Source data
++++++
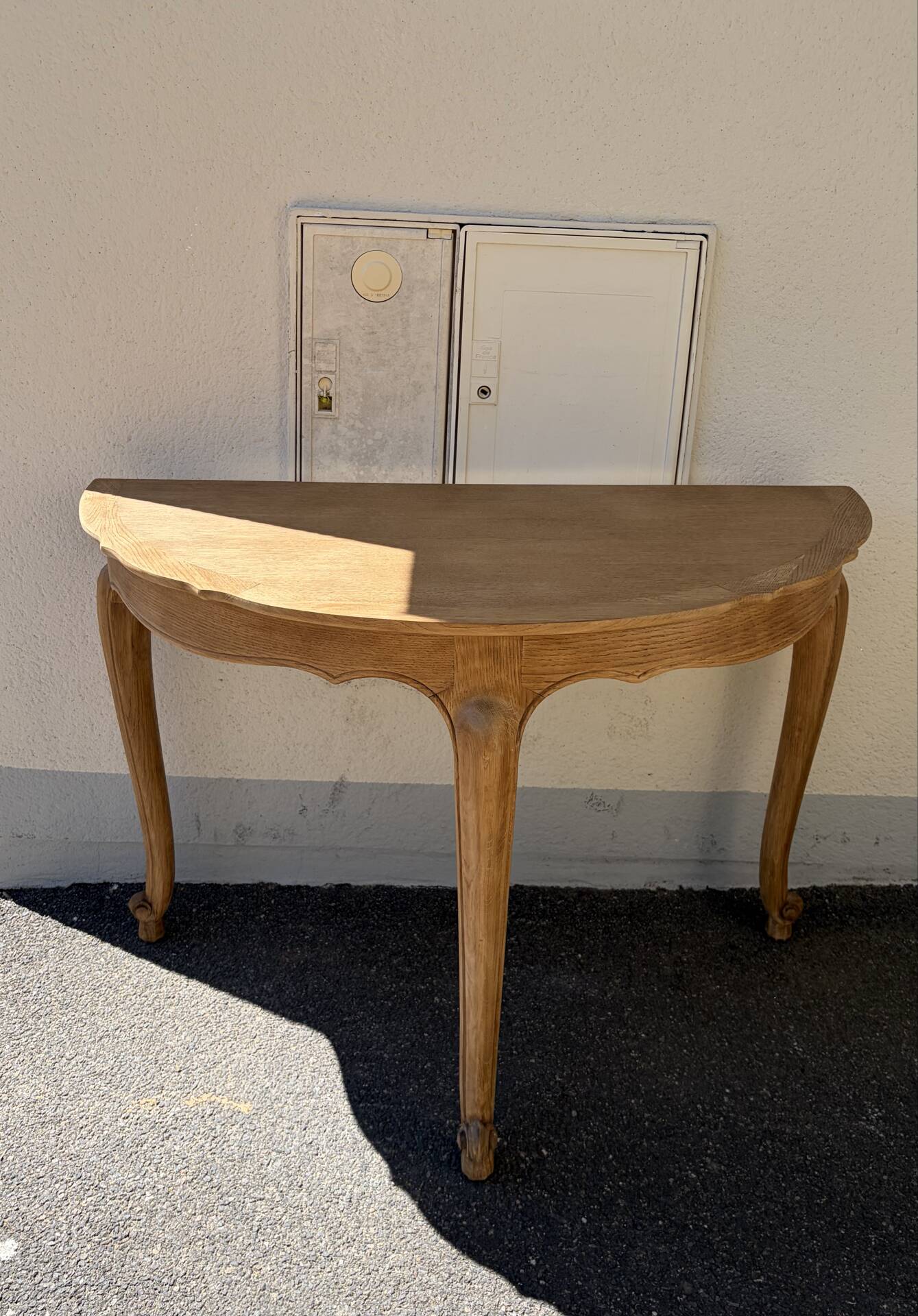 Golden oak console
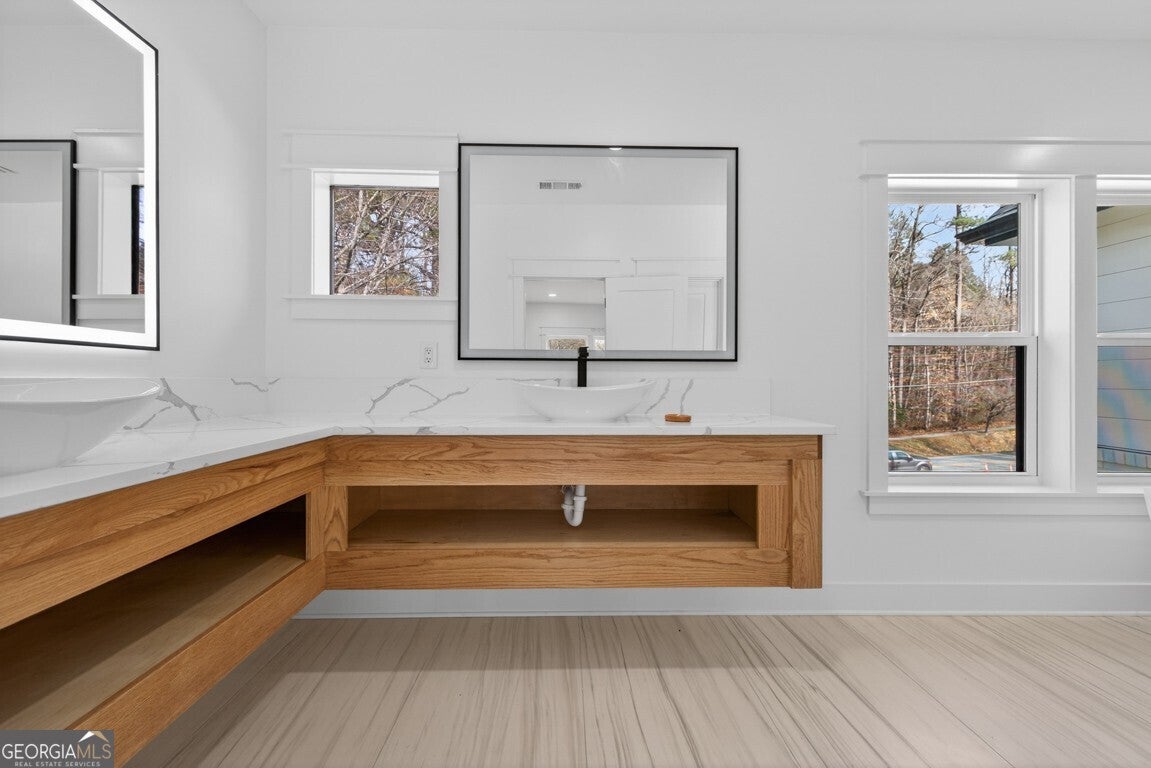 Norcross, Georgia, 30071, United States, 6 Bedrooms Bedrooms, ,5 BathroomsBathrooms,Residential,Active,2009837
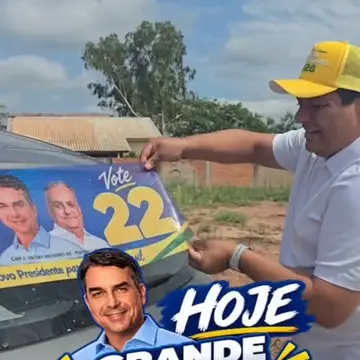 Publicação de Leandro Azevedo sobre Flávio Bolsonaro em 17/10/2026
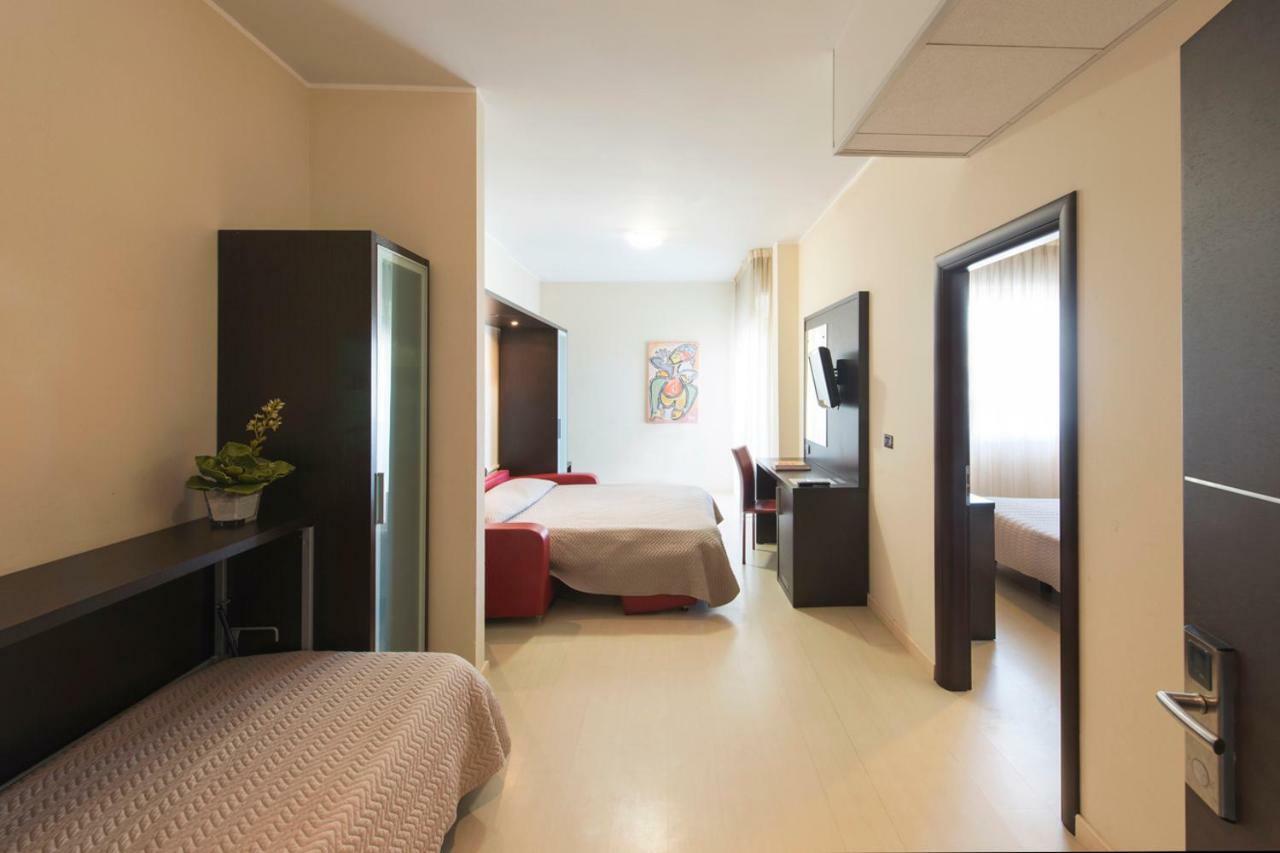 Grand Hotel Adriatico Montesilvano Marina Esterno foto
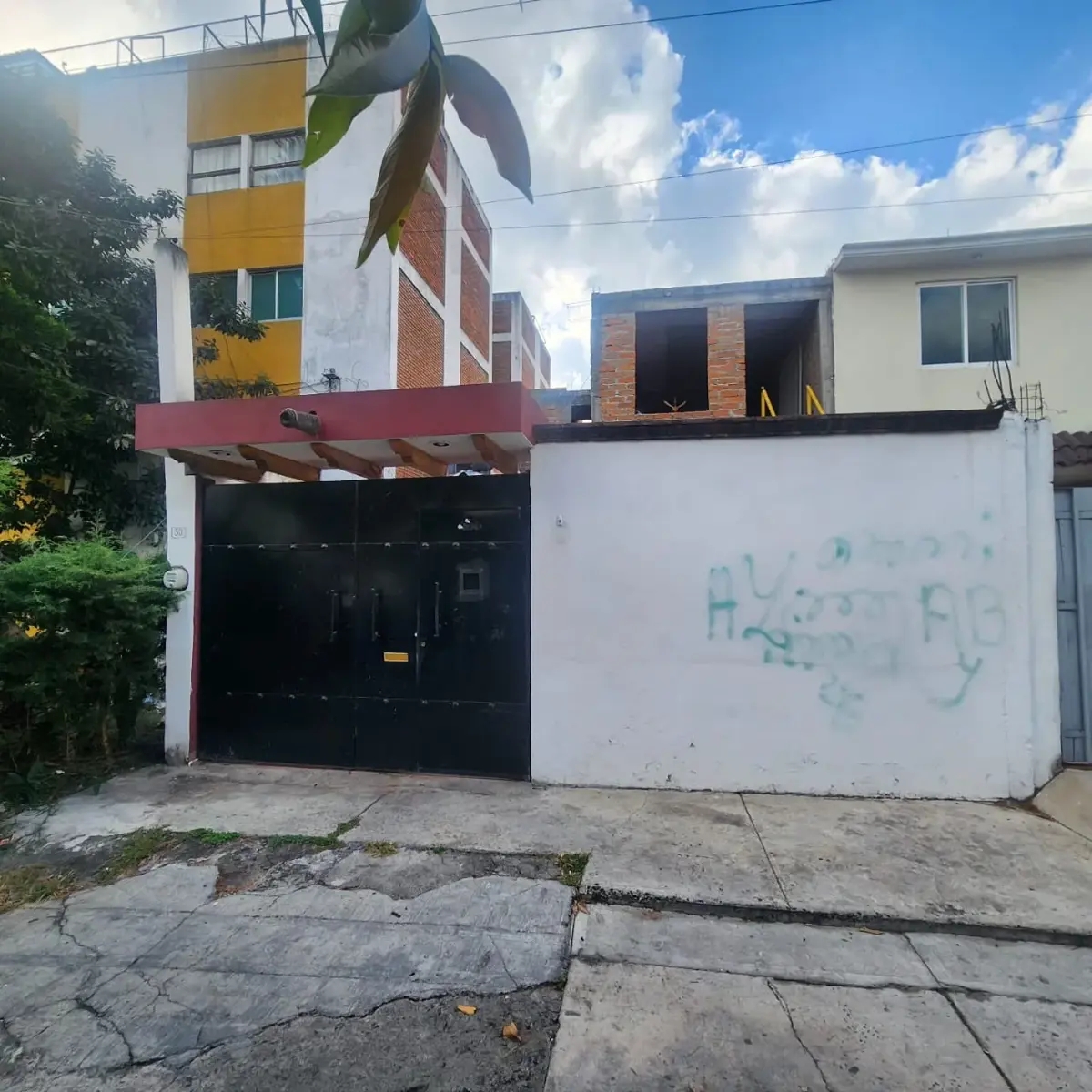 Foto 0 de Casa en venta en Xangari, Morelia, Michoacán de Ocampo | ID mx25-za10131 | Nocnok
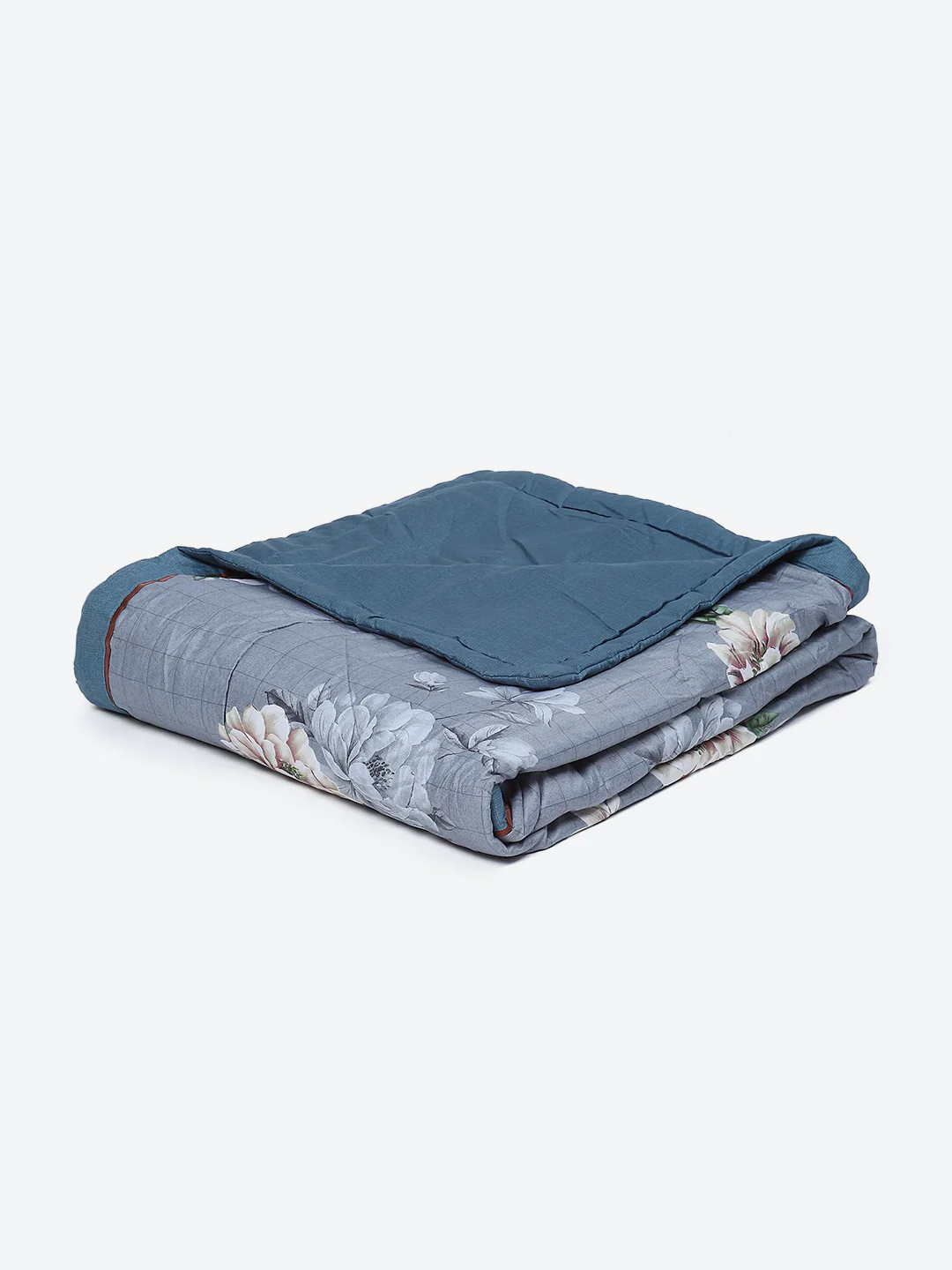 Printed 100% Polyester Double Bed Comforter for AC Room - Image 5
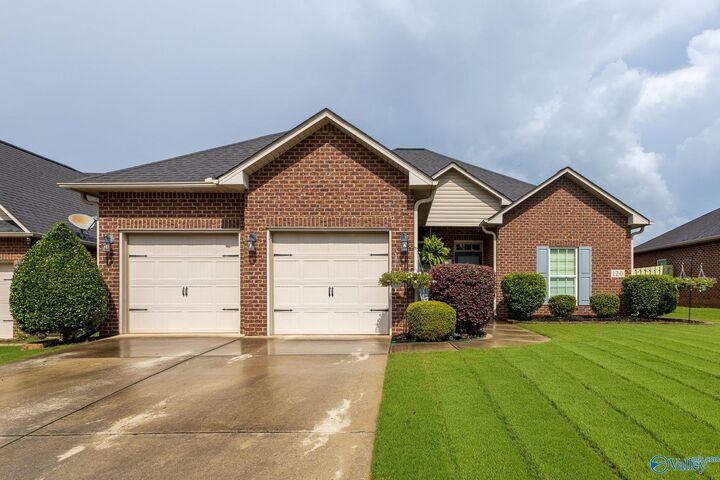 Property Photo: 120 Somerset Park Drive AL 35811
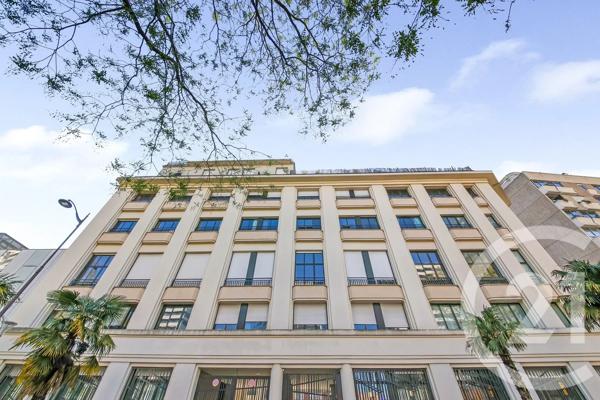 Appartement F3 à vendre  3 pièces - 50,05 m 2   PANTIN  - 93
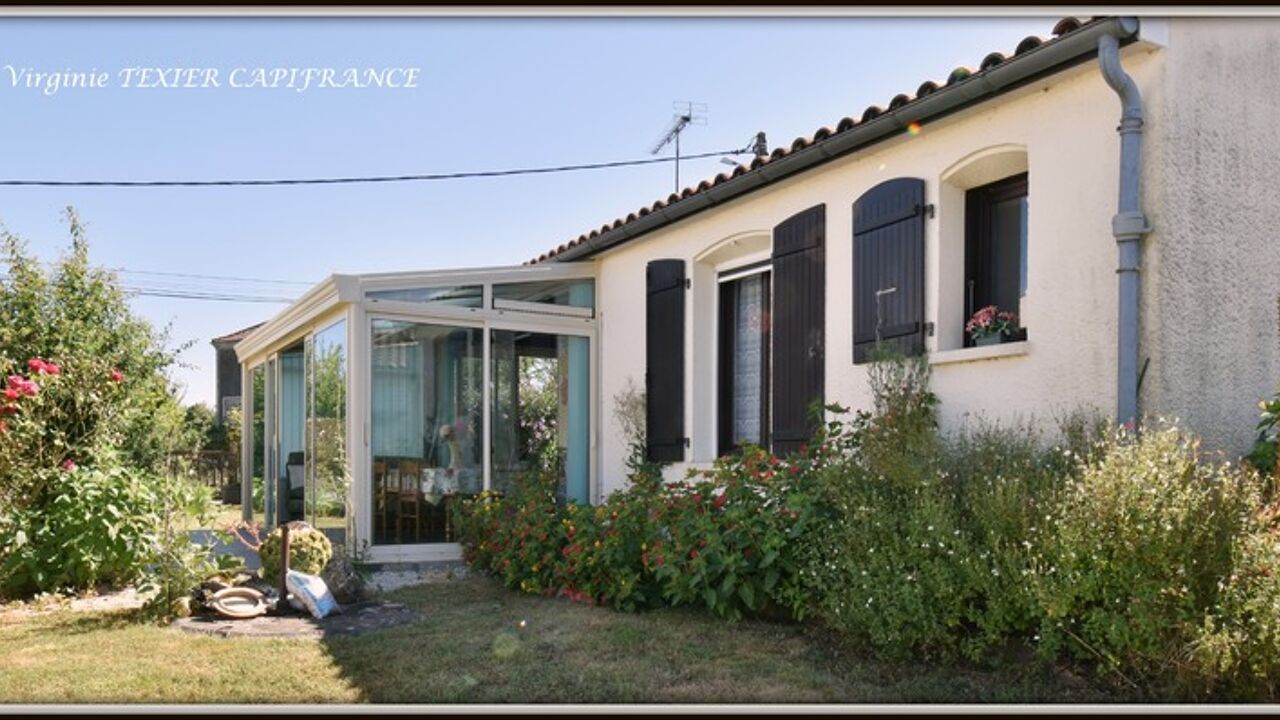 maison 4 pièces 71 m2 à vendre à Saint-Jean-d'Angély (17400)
++++++
* [Requirement] Leave the pictures aside and transcribe only the lines from the one holding "Publicação de Leandro" through the final line of the records above.

* [Written answer]
 Publicação de Leandro Azevedo sobre Flávio Bolsonaro em 17/10/2026
 Grand Hotel Adriatico Montesilvano Marina Esterno foto
 Foto 0 de Casa en venta en Xangari, Morelia, Michoacán de Ocampo | ID mx25-za10131 | Nocnok
 Printed 100% Polyester Double Bed Comforter for AC Room - Image 5
 Property Photo: 120 Somerset Park Drive AL 35811
 Appartement F3 à vendre  3 pièces - 50,05 m 2   PANTIN  - 93
 maison 4 pièces 71 m2 à vendre à Saint-Jean-d'Angély (17400)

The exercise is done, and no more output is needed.